I agree with you on a more unified general-purpose approach towards rendering (i.e., less latency, more efficient design, smaller possible shrinks, and of course, more developer friendly), without the need for specialized logic [cores] outside the primary rendering array. But the question becomes why did Nvidia go this route?
If we take Nvidia at their word; that Turing architecture was 10 years in the making (I know, possible PR fluff), somewhere in R&D they must of had multiple designs (possibly baked GPUs) for both designs (one with a unified approach with rasterization and RT, and the current Turing architecture). If the unified approach had problems, what possible roadblocks stopped Nvidia from going down that path? Was it core size and complexity? TDP issues of such a core design? Yield issues of such a core design? Current tech? Cost? A mixture of everything? Something had to push Nvidia in that direction of a nonunified rendering design.
Hopefully, AMD has figured out a more unified rendering approach.
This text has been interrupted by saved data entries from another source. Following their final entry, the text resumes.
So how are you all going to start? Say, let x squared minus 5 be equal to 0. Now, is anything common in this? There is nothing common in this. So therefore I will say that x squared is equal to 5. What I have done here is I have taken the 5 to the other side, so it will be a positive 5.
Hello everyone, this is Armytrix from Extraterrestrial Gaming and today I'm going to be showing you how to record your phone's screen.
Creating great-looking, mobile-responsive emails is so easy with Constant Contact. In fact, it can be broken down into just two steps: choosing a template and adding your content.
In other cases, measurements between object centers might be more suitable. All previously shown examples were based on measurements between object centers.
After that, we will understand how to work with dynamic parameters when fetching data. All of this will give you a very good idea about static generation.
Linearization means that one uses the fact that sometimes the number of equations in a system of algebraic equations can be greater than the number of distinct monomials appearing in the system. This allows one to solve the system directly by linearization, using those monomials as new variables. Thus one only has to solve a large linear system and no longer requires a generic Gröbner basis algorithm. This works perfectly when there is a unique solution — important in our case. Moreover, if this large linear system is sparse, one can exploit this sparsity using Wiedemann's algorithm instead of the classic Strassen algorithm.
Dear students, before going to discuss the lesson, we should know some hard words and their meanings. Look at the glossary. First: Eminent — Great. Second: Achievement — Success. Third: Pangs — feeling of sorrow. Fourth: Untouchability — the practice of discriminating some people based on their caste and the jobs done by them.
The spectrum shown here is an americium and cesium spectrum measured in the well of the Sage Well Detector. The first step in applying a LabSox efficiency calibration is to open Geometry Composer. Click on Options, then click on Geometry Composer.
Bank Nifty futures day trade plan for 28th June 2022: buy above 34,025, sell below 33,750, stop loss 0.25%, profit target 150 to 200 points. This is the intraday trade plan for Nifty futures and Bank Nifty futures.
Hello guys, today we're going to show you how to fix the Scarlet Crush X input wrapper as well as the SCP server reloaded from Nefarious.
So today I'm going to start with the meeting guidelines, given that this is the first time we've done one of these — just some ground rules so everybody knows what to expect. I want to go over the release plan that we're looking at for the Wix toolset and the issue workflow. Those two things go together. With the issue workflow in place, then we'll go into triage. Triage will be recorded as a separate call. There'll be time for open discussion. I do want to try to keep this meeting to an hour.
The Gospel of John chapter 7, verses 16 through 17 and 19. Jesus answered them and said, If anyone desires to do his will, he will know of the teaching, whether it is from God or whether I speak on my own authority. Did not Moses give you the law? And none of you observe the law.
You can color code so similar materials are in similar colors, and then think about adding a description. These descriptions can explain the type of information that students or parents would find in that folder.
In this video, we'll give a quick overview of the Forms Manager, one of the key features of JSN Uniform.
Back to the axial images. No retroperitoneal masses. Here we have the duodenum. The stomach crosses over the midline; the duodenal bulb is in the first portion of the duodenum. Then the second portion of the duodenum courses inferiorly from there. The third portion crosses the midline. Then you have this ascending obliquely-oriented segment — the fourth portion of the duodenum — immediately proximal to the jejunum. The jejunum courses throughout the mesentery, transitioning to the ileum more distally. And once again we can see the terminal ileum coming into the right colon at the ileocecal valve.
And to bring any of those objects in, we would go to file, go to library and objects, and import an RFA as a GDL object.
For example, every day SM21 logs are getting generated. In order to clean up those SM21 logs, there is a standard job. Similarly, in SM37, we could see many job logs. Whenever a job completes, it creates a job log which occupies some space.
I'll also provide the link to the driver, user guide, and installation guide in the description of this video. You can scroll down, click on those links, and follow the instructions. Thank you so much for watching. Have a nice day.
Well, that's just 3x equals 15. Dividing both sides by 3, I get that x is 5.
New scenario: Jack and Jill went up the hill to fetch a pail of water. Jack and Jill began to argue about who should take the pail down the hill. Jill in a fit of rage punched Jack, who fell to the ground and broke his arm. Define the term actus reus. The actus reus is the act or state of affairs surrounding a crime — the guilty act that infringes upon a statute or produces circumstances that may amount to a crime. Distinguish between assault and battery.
Nvidia are asking you to pay now for bespoke hardware on the promise of what the hardware might be capable of if/when more games support it - assuming you haven't ditched your 2070/2080/Ti to the better gen 2 version in 18 months time anyway.
Let's be honest, this has always been Nvidia's approach. To get the gamers excited, more specifically the premium consumers, to invest more and more into their brand. To see what sticks, or fails. Nvidia's corporate culture of wanting to grow their (already colossus) market-share beyond their competitors.
Getting back on track, I would be extraordinarily surprised to see any iteration of this technology in the new consoles. If it's present, it will be so watered down as to be next to useless for the intended purpose or enhancing graphics significantly. Not unless AMD have something very cool cooking that they've not shown.
Disagree. If it's present, watered down, that would be a waste of die space and bad judgement on engineering. If it is present, fully capable, then more than likely first-party developers (i.e., Naught Dog, Guerilla, SMS, 343 Industries, The Coalition, etc.) would jump at the chance of using RT.